*Records for processing*.
Content starts
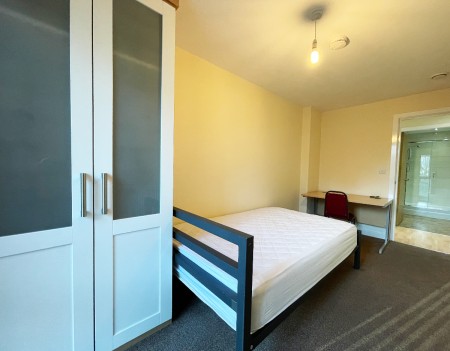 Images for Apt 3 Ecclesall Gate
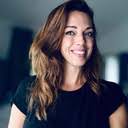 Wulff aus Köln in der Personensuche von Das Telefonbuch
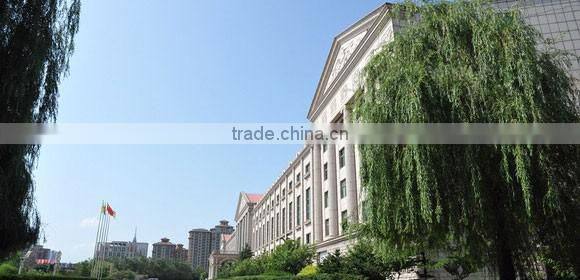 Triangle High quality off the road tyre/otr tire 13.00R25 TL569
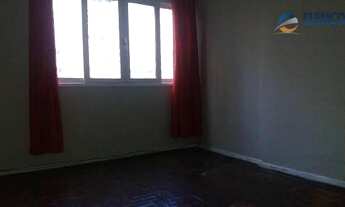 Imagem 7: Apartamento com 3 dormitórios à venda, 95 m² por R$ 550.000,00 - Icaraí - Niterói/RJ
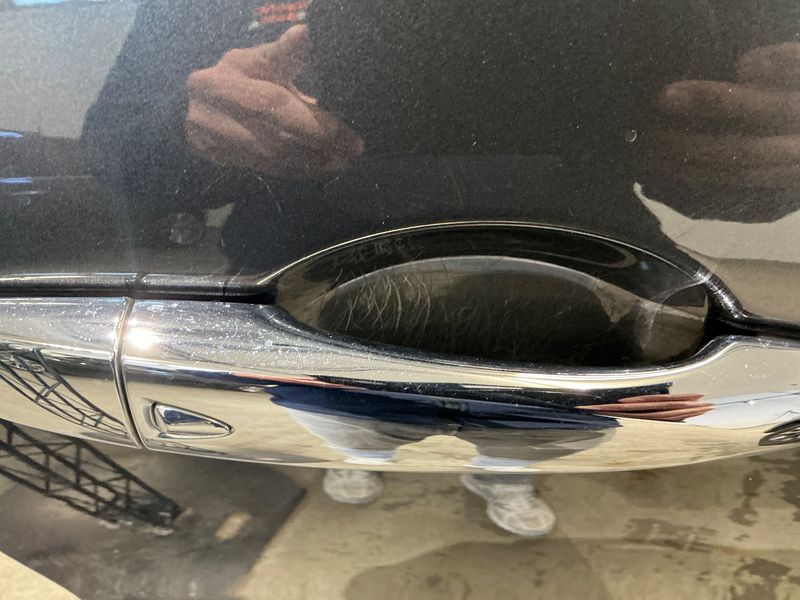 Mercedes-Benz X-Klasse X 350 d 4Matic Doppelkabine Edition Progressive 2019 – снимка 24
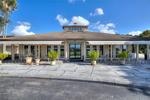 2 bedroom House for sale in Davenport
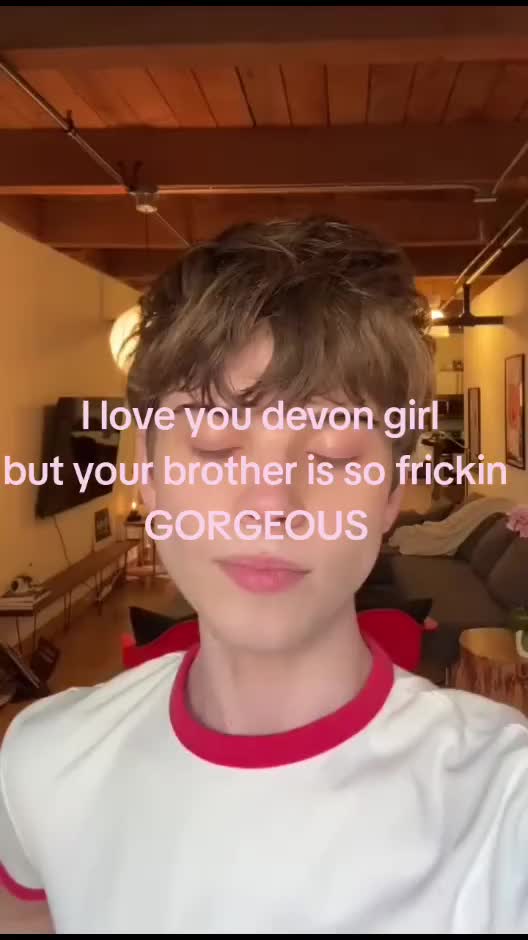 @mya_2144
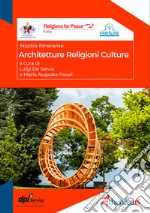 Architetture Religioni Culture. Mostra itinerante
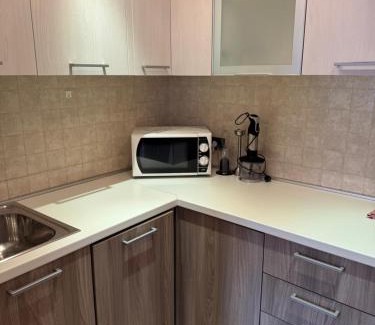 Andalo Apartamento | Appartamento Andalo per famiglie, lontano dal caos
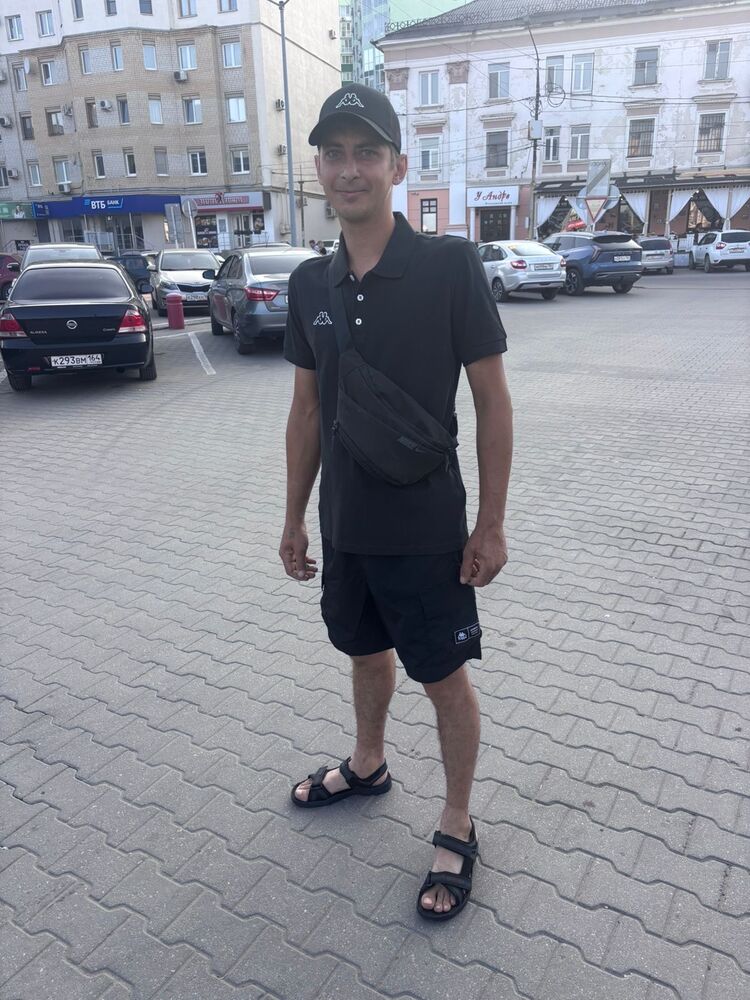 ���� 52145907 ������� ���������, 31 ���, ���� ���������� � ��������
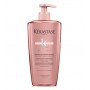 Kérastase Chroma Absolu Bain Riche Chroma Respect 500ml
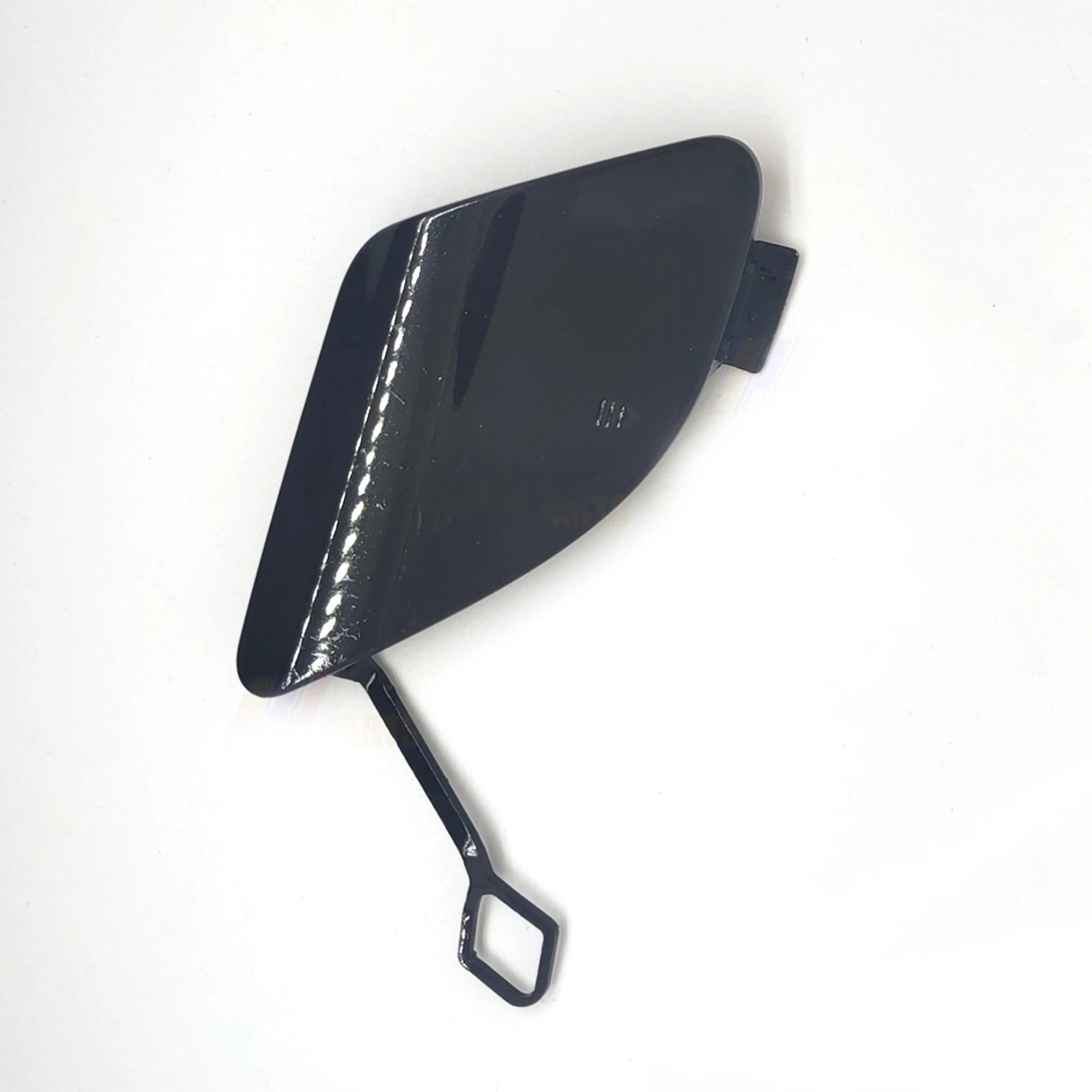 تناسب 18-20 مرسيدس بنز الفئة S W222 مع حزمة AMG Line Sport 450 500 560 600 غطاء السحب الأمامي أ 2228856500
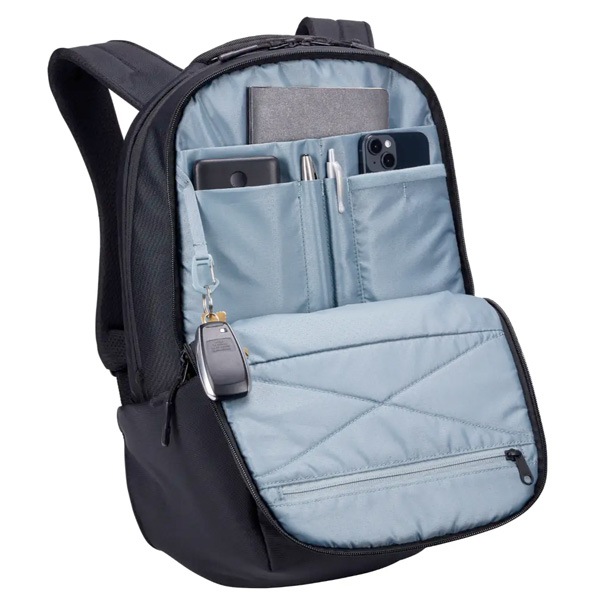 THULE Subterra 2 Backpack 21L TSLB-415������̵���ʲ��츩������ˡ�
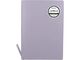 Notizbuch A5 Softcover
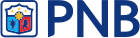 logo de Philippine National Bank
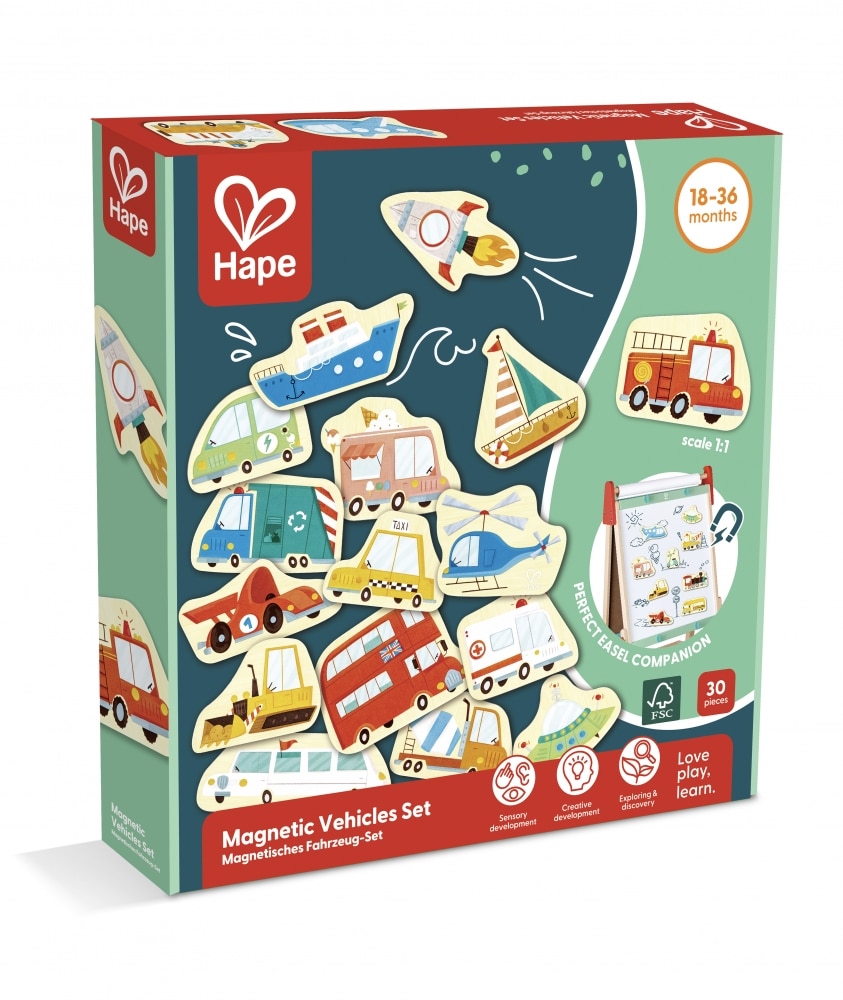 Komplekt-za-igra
Content ends
*Task instructions*.
Copy the whole of the material above exactly, and exclude every picture.

*Exercise response*.
 Images for Apt 3 Ecclesall Gate
 Wulff aus Köln in der Personensuche von Das Telefonbuch
 Triangle High quality off the road tyre/otr tire 13.00R25 TL569
 Imagem 7: Apartamento com 3 dormitórios à venda, 95 m² por R$ 550.000,00 - Icaraí - Niterói/RJ
 Mercedes-Benz X-Klasse X 350 d 4Matic Doppelkabine Edition Progressive 2019 – снимка 24
 2 bedroom House for sale in Davenport
 @mya_2144
 Architetture Religioni Culture. Mostra itinerante
 Andalo Apartamento | Appartamento Andalo per famiglie, lontano dal caos
 ���� 52145907 ������� ���������, 31 ���, ���� ���������� � ��������
 Kérastase Chroma Absolu Bain Riche Chroma Respect 500ml
 تناسب 18-20 مرسيدس بنز الفئة S W222 مع حزمة AMG Line Sport 450 500 560 600 غطاء السحب الأمامي أ 2228856500
 THULE Subterra 2 Backpack 21L TSLB-415������̵���ʲ��츩������ˡ�
 Notizbuch A5 Softcover
 logo de Philippine National Bank
 Komplekt-za-igra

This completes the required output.